Handball | Bundesliga bittet Heinevetter zur Kasse - "Verarscht" kostet im Handball
Der Keeper der Berliner Füchse, Silvio Heinevetter, soll für seine wenig vermittelnde Kritik an den Schiedsrichtern nach dem Spiel gegen die Rhein-Neckar Löwen 1.000 Euro zahlen. Dabei war wohl vor allem Heinevetters Wortwahl der Stein des Anstoßes.
Nationaltorhüter Silvio Heinevetter ist vom Ligaverband der Handball-Bundesliga (HBL) zu einer Geldstrafe von 1.000 Euro verurteilt worden. Heinevetter hatte nach der Partie der Füchse Berlin gegen die Rhein-Neckar Löwen (21:21) am Sonntag gesagt, seine Mannschaft, die Füchse, sei "verarscht" worden. Das fasste der Verband als Angriff auf das Schiedsrichter-Duo Robert Schulze und Tobias Tönnies aus Magdeburg auf.
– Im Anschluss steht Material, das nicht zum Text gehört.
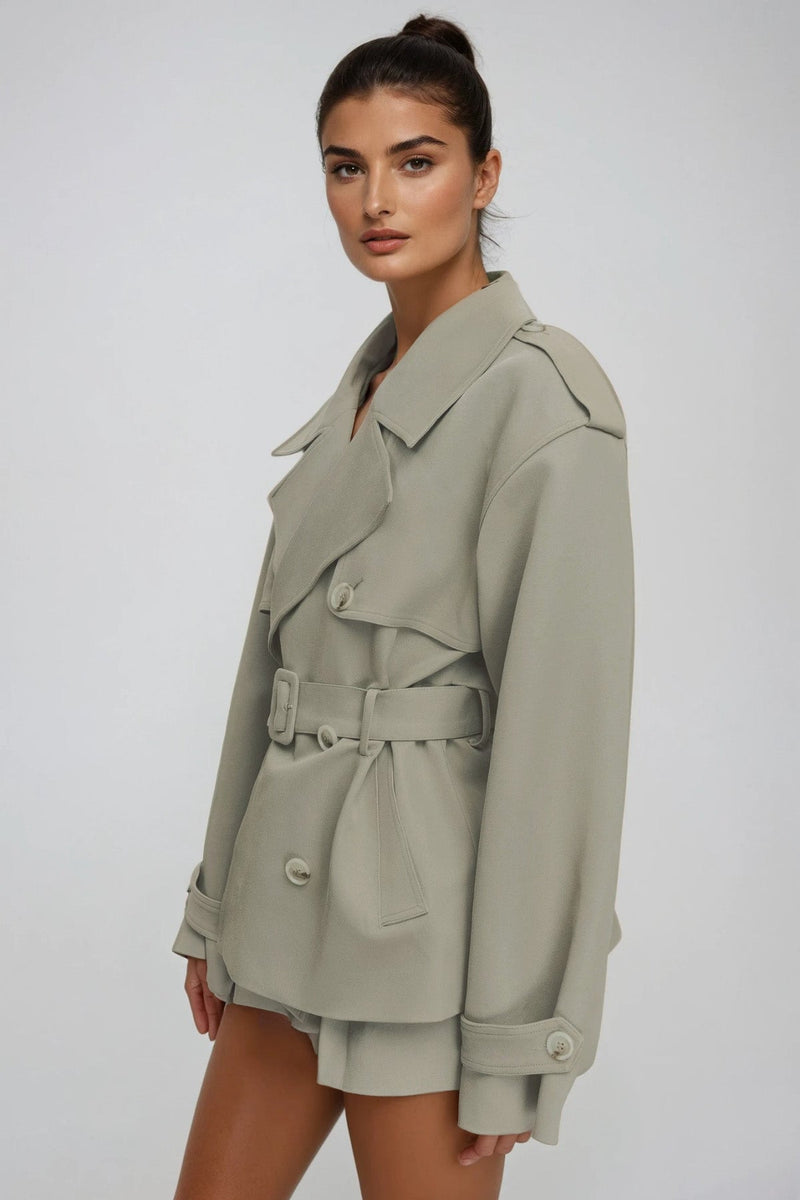 Well Tailored Pants with a Graceful Silhouette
Heinevetter hat keine grundsätzlichen Zweifel
Hintergrund der Heinevetter-Kritik: Die Unparteiischen hatten in der letzten Sekunde das umstrittene Ausgleichstor des Mannheimers Patrick Groetzki anerkannt. TV-Bilder bewiesen jedoch, dass der Nationalspieler bei seinem Wurf bereits im Kreis stand.
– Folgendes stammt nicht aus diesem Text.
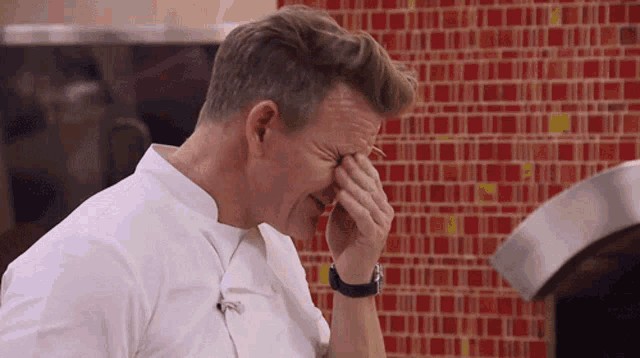 gordon-ramsay-facepalm.png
Heinevetter erklärte, er werde die Strafe nicht akzeptieren und einen Anwalt einschalten. Er will sich den Mund nicht verbieten lassen und geht gegen die Geldbuße des Ligaverbandes Handball-Bundesliga (HBL) vor.
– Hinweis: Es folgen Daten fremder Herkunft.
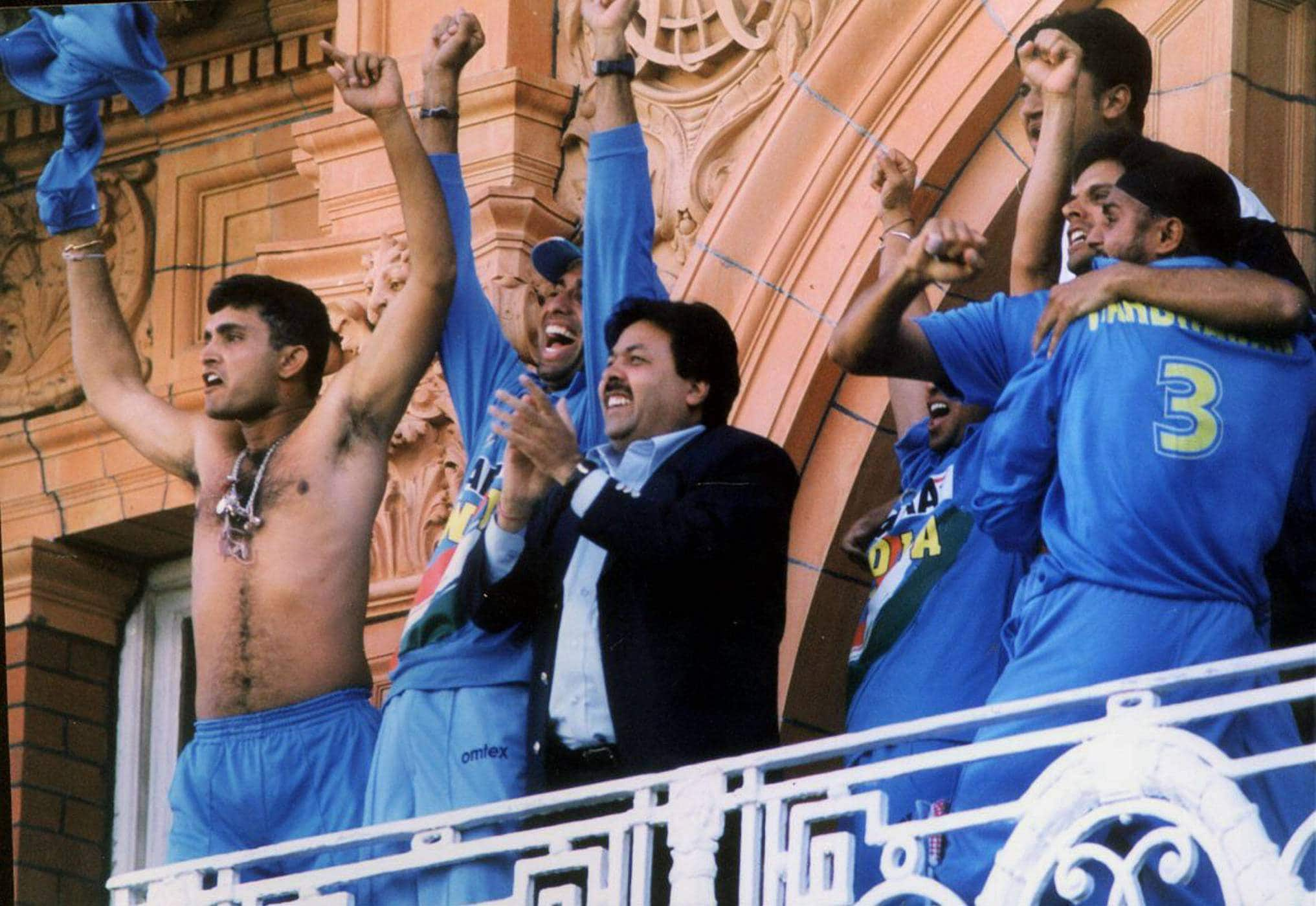 WATCH: On this day in 2002, India won NatWest series in a nail-biting final as Sourav Ganguly waived shirt in Lord&#039;s balcony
"Man will ein Exempel an mir statuieren", sagte der 28-Jährige am Mittwoch in sachlichem Ton. Er habe darum der Liga geschrieben, dass die Szene unumstritten ist, weil sie im Fernsehen zu sehen war und weil Patrick Groetzki zugegeben habe, dass er im Kreis stand.
Heinevetter betonte weiter, dass er die Leistung der beiden Schiedsrichter nicht grundsätzlich angezweifelt habe: "Die beiden haben 59 Minuten und 59 Sekunden gut gepfiffen. Aber diese eine, entscheidende Szene lässt das alles vergessen. Sie haben einen Fehler gemacht, dazu sollen sie stehen", betonte der Nationaltorhüter mit drei Tagen Abstand. "Stattdessen sitzen sie in einem goldenen Käfig, den sie selber gar nicht wollen, und dürfen nichts sagen, obwohl sie gern reden würden."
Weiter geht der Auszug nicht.